Task
Below are records with pictures in them. Transcribe everything from the line containing "Ford Kuga 1.5 EcoBoost 2x4 Titanium - 8" down to the line containing "Fuerte incendio en", exactly, and leave the pictures behind.

Exercise input
┌──

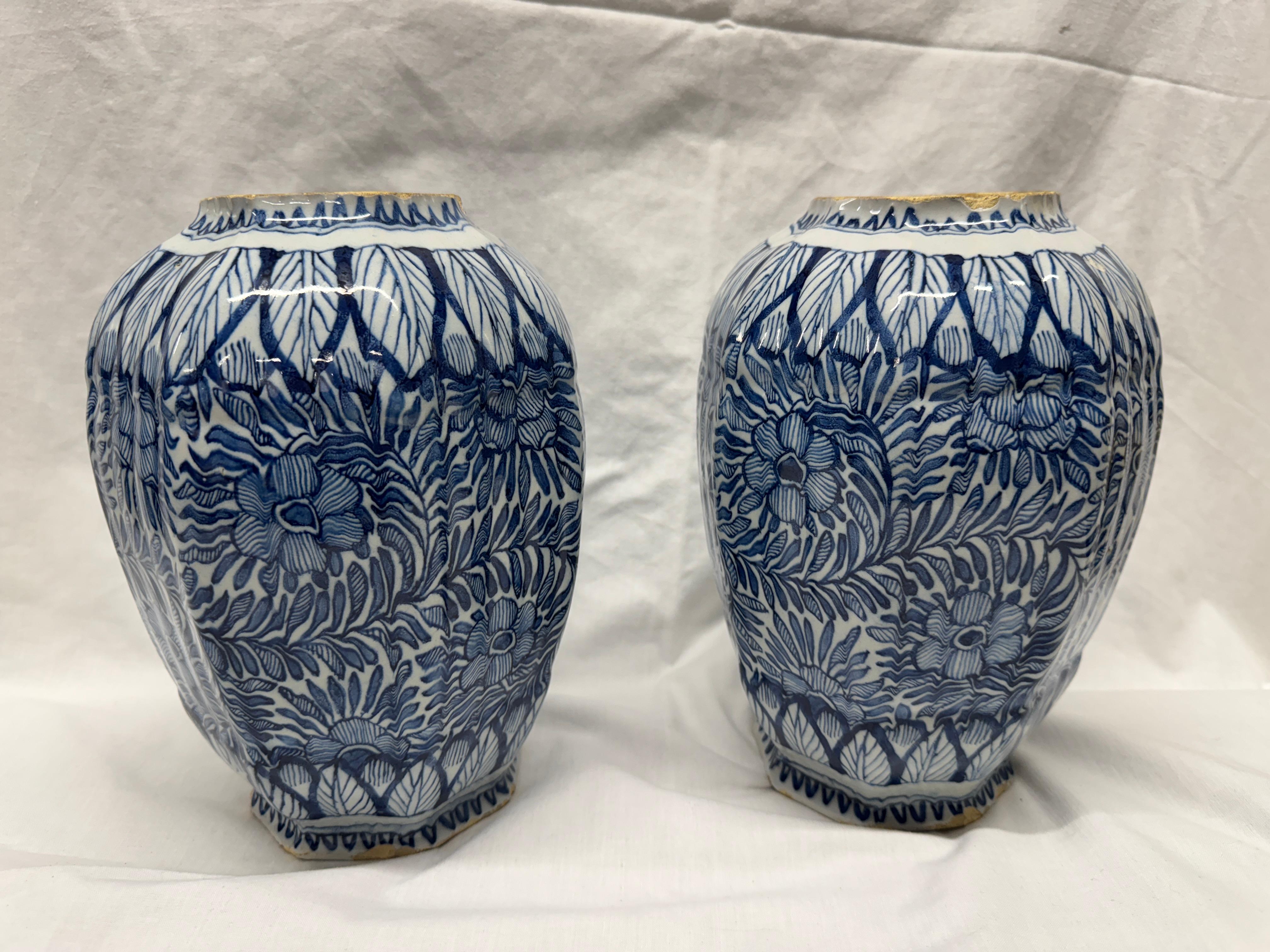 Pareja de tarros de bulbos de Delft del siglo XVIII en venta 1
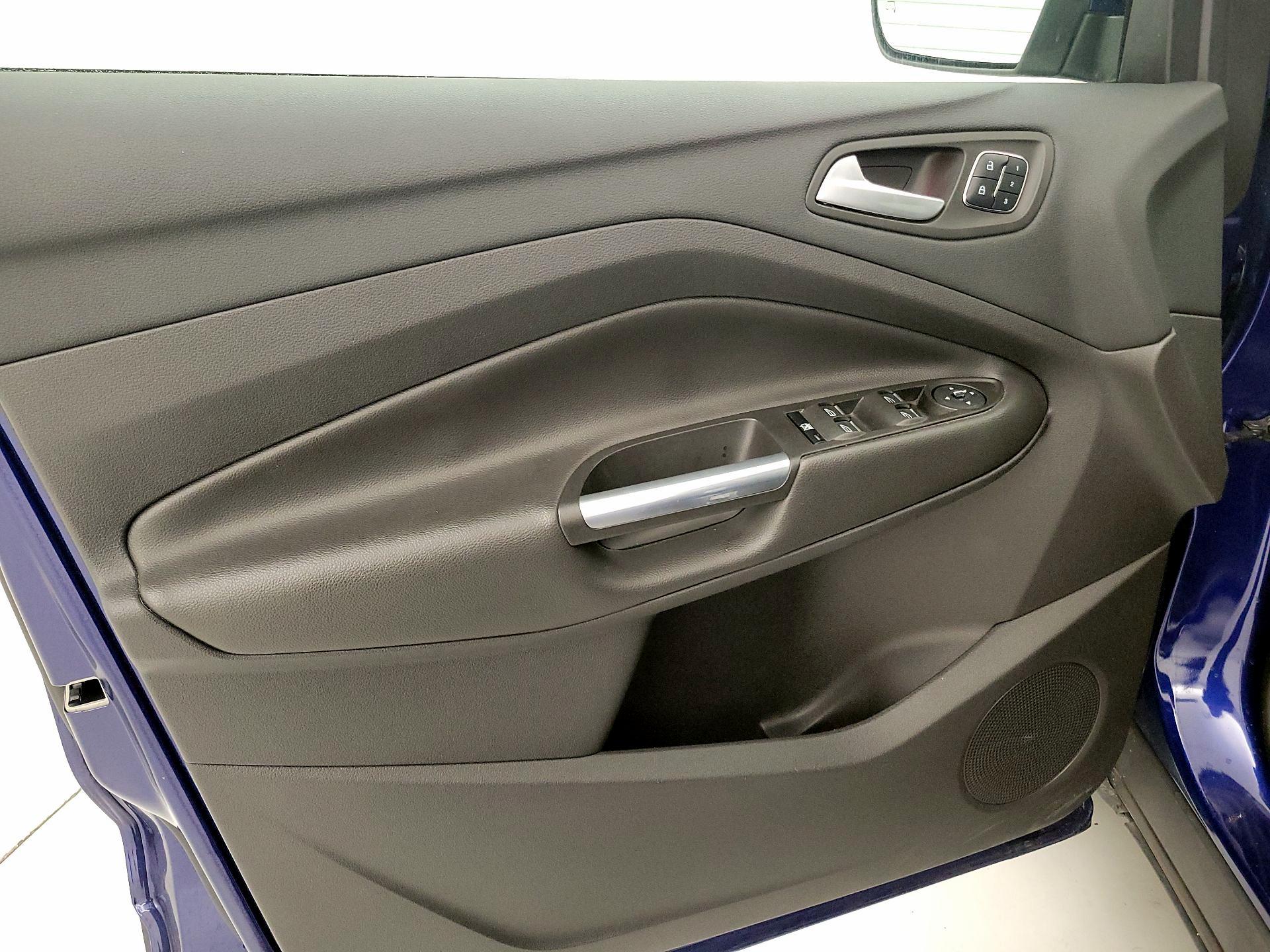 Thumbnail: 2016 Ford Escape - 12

└──
┌──

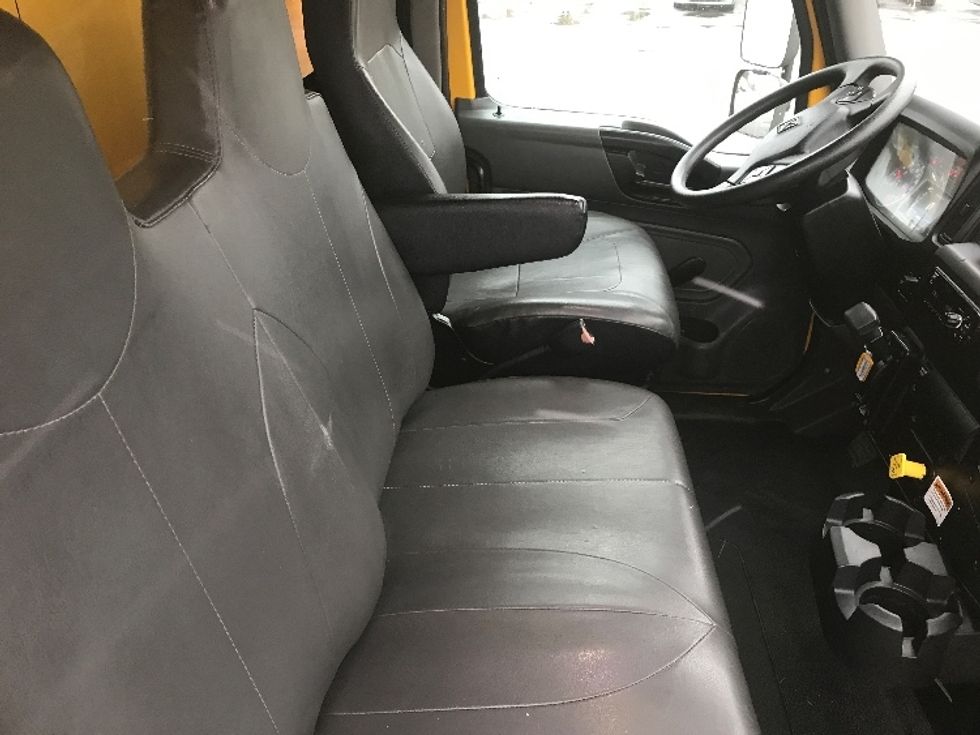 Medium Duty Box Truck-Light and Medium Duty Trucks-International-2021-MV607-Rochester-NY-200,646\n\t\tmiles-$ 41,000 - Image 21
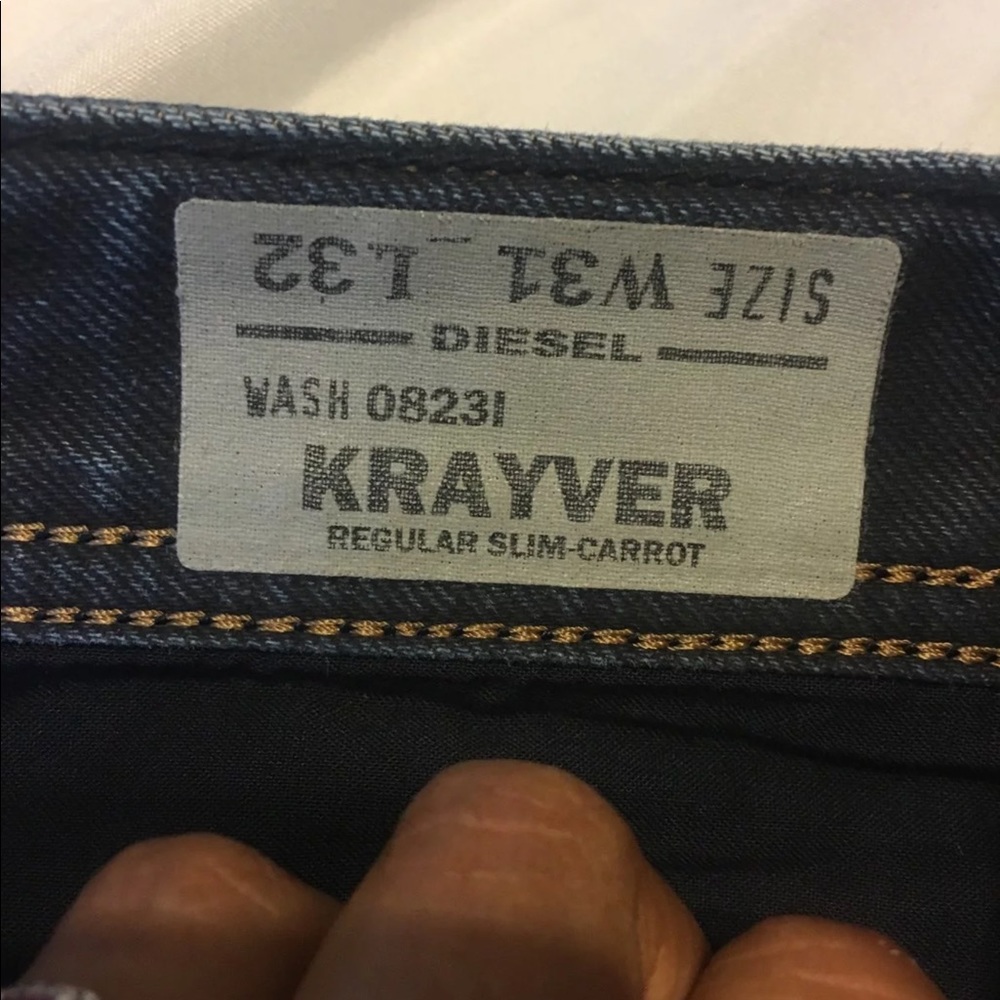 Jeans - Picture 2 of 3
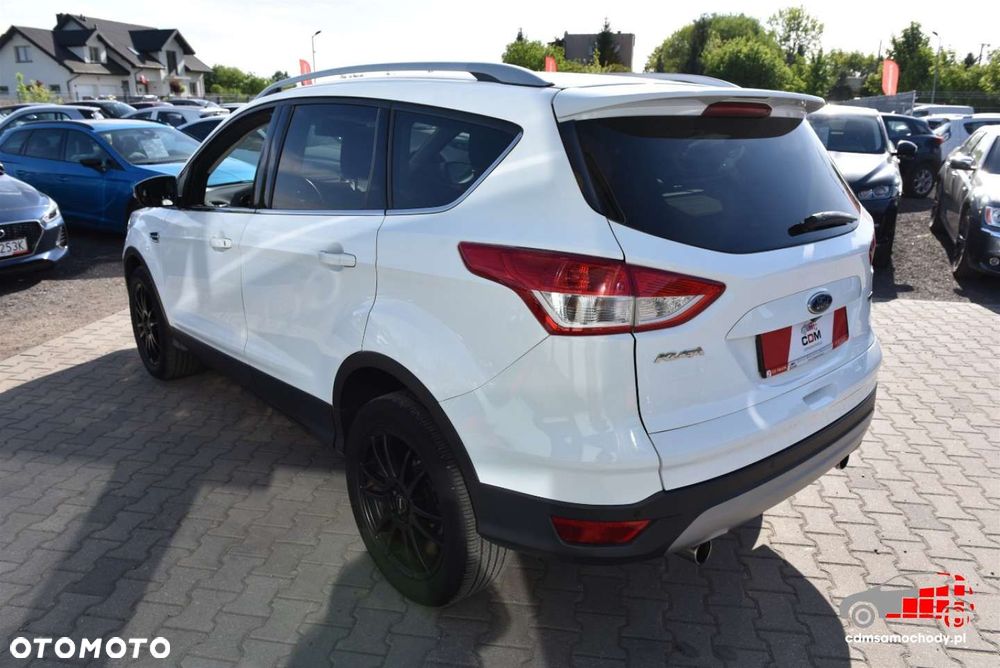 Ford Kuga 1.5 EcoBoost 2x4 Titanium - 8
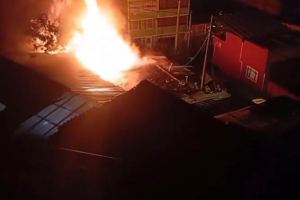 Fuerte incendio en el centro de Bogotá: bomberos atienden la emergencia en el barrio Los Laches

└──
┌──

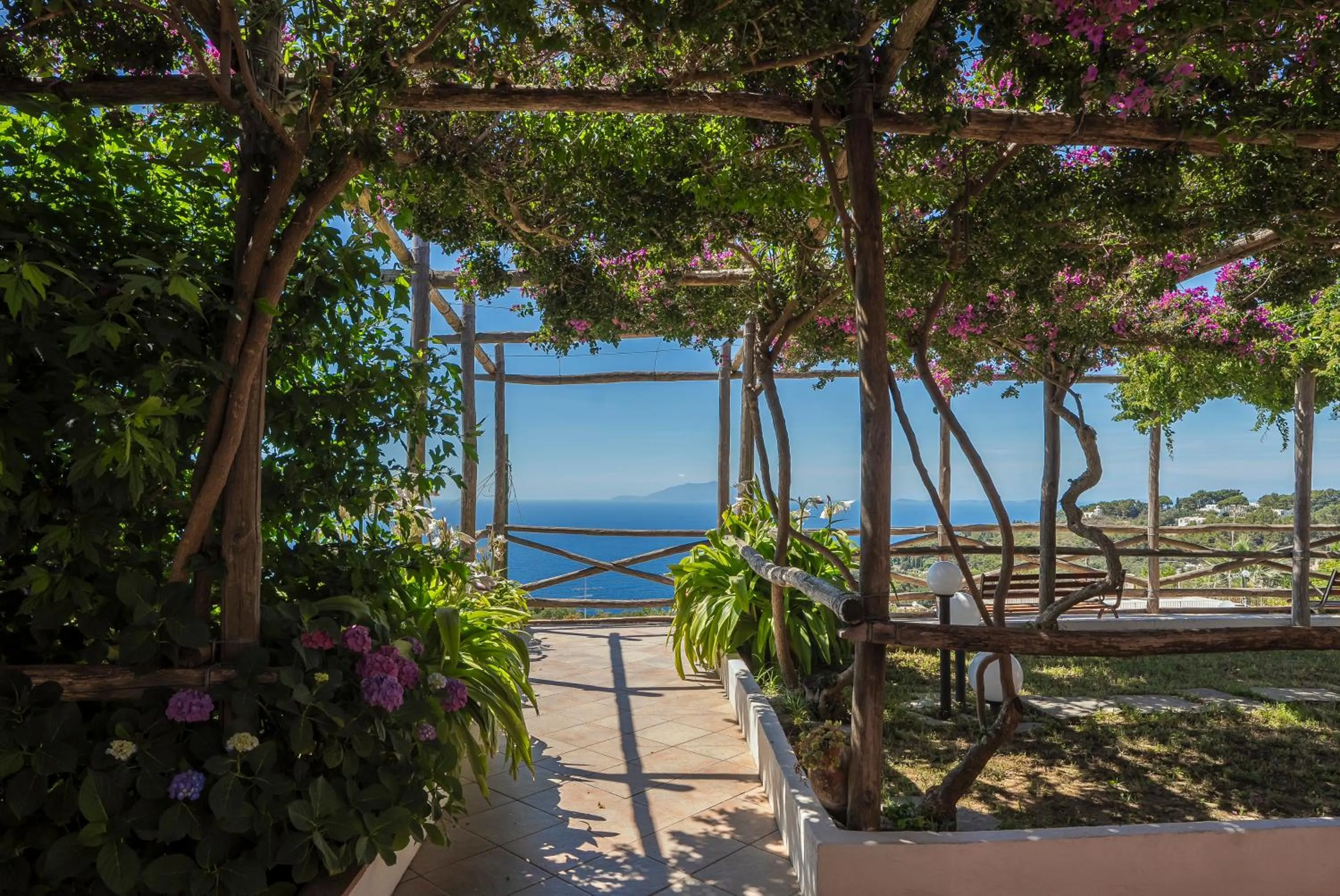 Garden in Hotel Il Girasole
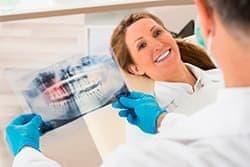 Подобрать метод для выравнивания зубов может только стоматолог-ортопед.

└──

Answer for the task
 Ford Kuga 1.5 EcoBoost 2x4 Titanium - 8
 Fuerte incendio en el centro de Bogotá: bomberos atienden la emergencia en el barrio Los Laches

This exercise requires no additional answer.